Arithmetic follows a simple rule:

  • Integer + Integer → Integer (with wrapping semantics on overflow)
  • Any other combination of numeric types → widen both sides to f64, result is Value::Real
  • Booleans coerce to 1.0 / 0.0 when mixed into arithmetic (via as_number)
  • Value::Text in arithmetic is an error

|| (string concat) always returns a Value::Text produced from both sides' to_display_string().

NULL semantics

  • Any arithmetic or comparison with NULL → NULL (propagation).
  • eval_predicate (WHERE evaluator) treats NULL as false — see Design decisions §9.
  • Unary NOT NULLNULL. Unary -NULLNULL.
  • 'abc' || NULLNULL.

Division / modulo by zero

Both return SQLRiteError::General("division by zero") rather than panicking or returning NaN/Infinity. The check happens after NULL propagation, so 5 / NULL is still NULL (not an error).

Two-pass pattern for UPDATE and DELETE

Both execute_update and execute_delete use the same pattern to satisfy Rust's aliasing rules:

  1. Read pass (&db): walk every rowid, evaluate the predicate, for UPDATE also evaluate the RHS expressions under each matched row's context. Collect a Vec<(rowid, payload)> of planned mutations.
  2. Write pass (&mut db): take a mutable borrow of the table, apply the collected mutations.

This is necessary because eval_predicate / eval_expr reads many column values simultaneously (the whole row might be needed) while the write operation mutates, and we can't hold both an immutable and mutable borrow of the same Table.

The cost is holding the planned writes in memory between the two passes. For bulk operations (UPDATE users SET x = y with millions of rows) this would matter; for the current scale it doesn't. Phase 3+ with a real cursor API will replace this with streaming.

Auto-save hook

Right before returning, process_command runs:

if is_write_statement {
    if let Some(path) = db.source_path.clone() {
        pager::save_database(db, &path)?;
    }
}

is_write_statement is set before the match based on matches!(&query, Statement::CreateTable(_) | Statement::Insert(_) | Statement::Update(_) | Statement::Delete(_)).
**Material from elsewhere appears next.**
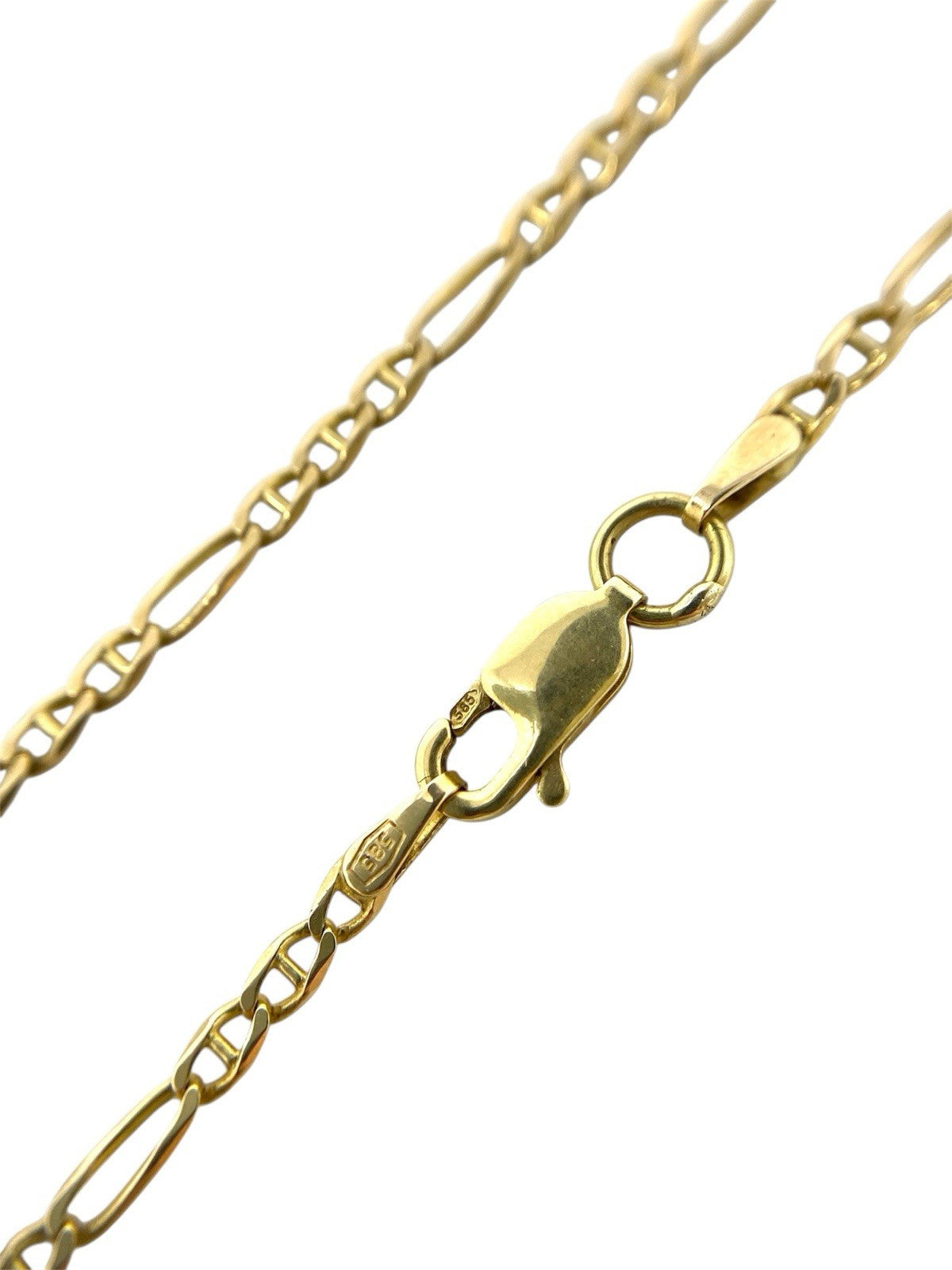 585 Gold Halskette Figarokette Panzerkette 54cm 2,1mm 14K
Read-only SELECTs skip the save — no point writing the same bytes again, even if the pager diff would filter the writes out, there's bookkeeping cost in the pager's in-memory work.

If the save fails, the error propagates out. The in-memory state has already been mutated at this point; the caller needs to know disk is out of sync. A more thorough implementation would offer a rollback hook, but without transactions there's not much to roll back to.

Error types

Everything throws SQLRiteError, a thiserror-derived enum in src/error.rs:

  • NotImplemented(String) — feature we recognize but don't execute yet
  • General(String) — runtime error (type mismatch, UNIQUE violation, divide-by-zero, bad magic bytes)
  • Internal(String) — invariant violation or bincode encode/decode failure
  • UnknownCommand(String) — unknown meta-command
  • SqlError(#[from] ParserError) — bubbled up from sqlparser
  • Io(#[from] std::io::Error) — any file I/O failure

Displaying is via the thiserror-generated Display impl; at the REPL, main.rs prints "An error occured: {err}" and keeps going.

Testing

Expression evaluation and statement execution are covered by tests in:

  • src/sql/mod.rs — integration-style tests that drive the top-level process_command with CREATEINSERTSELECT/UPDATE/DELETE sequences and check the result messages and stored state.
  • src/sql/parser/*.rs — test the AST → internal struct conversion for happy paths and NotImplemented rejections.

There are no dedicated expression-evaluator unit tests; the operator matrix is exercised through full SELECT/UPDATE tests with arithmetic and predicate variants (process_command_select_arithmetic_where_test, process_command_update_arith_test, etc). A dedicated eval_expr test suite would be a good addition — currently each operator is implicitly covered by at least one end-to-end test.